PROBLEM TO SOLVE: Reprint the lines below as they are, minus the pictures.

RECORDED INFORMATION:
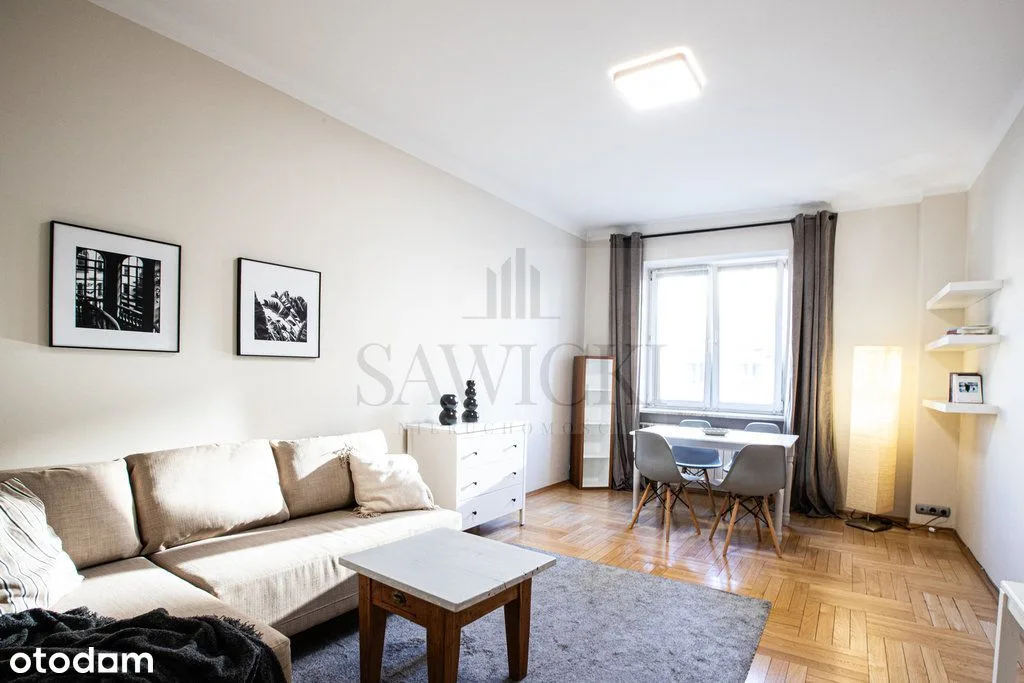 Furnished one-bedroom apartment in Śródmieście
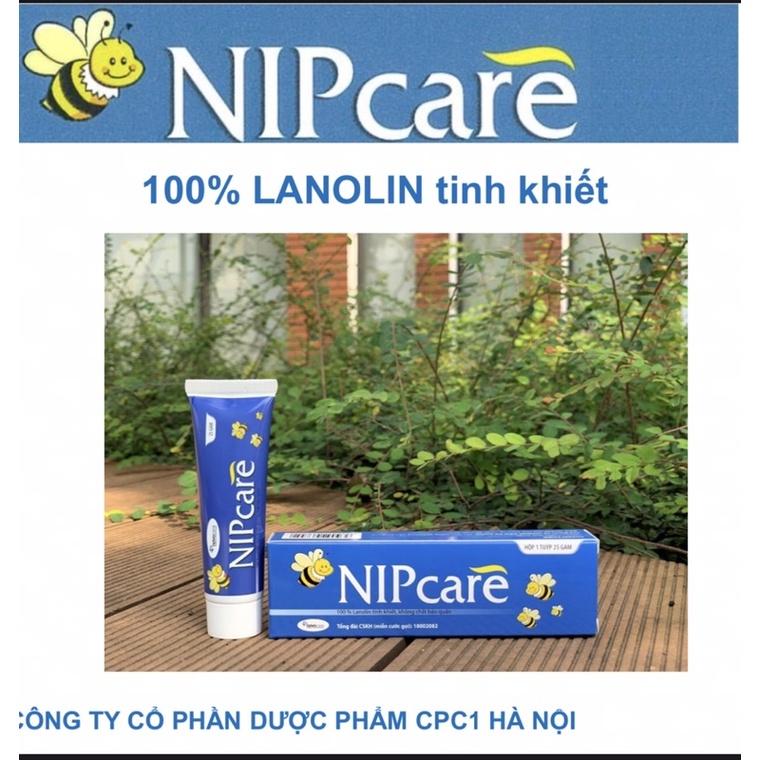 Nipcare Kem bôi nứt đầu ti cho mẹ và bôi chống hăm, khô da, chàm.. cho bé Nipcare 25G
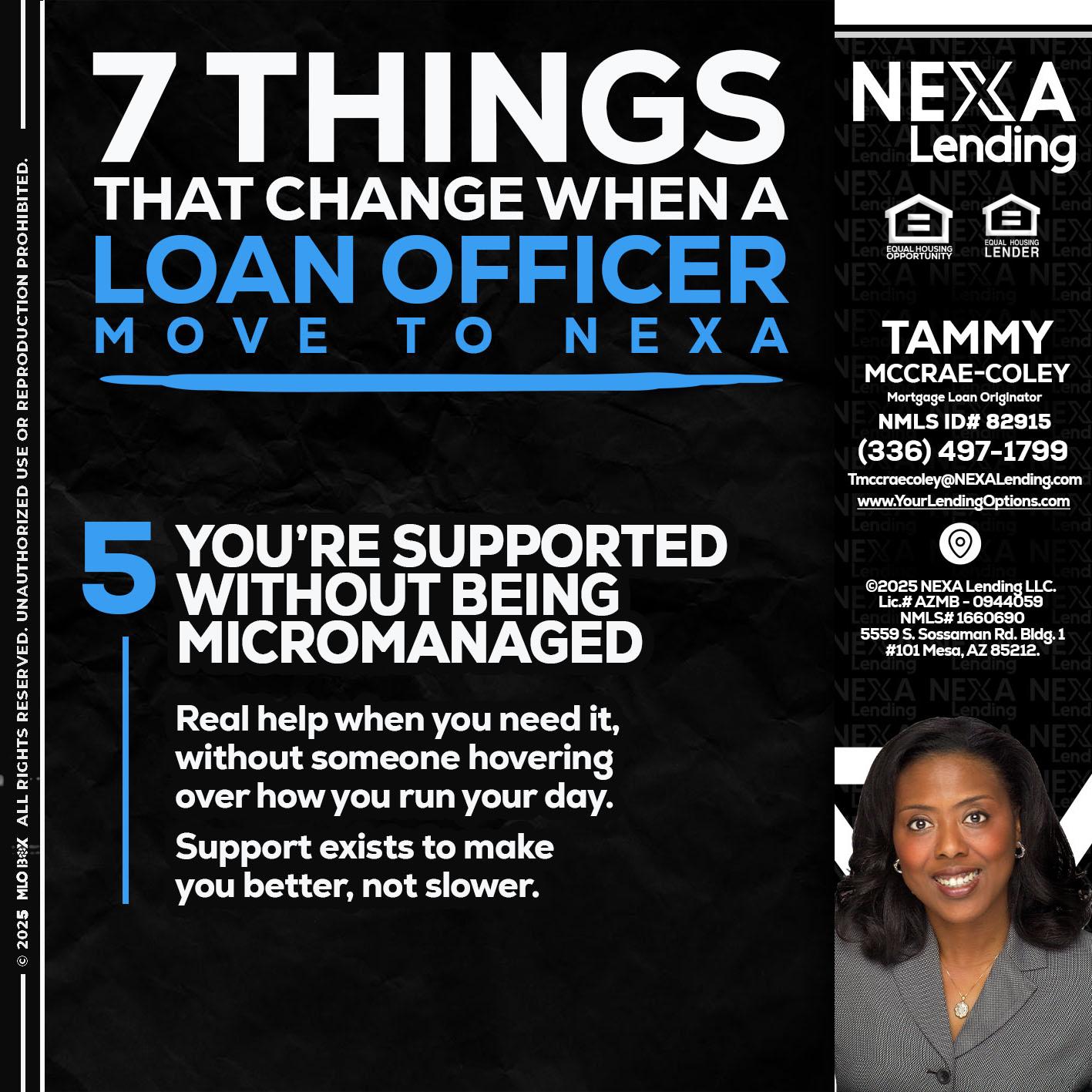 7 THINGS (5) - Tammy C. McCrae-Coley -Mortgage Loan Originator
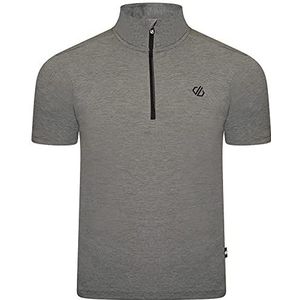Dare 2b Pedal It Out Jersey Fiets-T-shirt voor heren Q-Wic Plus lichtgewicht stof met geurafstotende en reflecterende printdetails - halve ventilatierits - Sport t-shirt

ANSWER SECTION:
 Furnished one-bedroom apartment in Śródmieście
 Nipcare Kem bôi nứt đầu ti cho mẹ và bôi chống hăm, khô da, chàm.. cho bé Nipcare 25G
 7 THINGS (5) - Tammy C. McCrae-Coley -Mortgage Loan Originator
Dare 2b Pedal It Out Jersey Fiets-T-shirt voor heren Q-Wic Plus lichtgewicht stof met geurafstotende en reflecterende printdetails - halve ventilatierits - Sport t-shirt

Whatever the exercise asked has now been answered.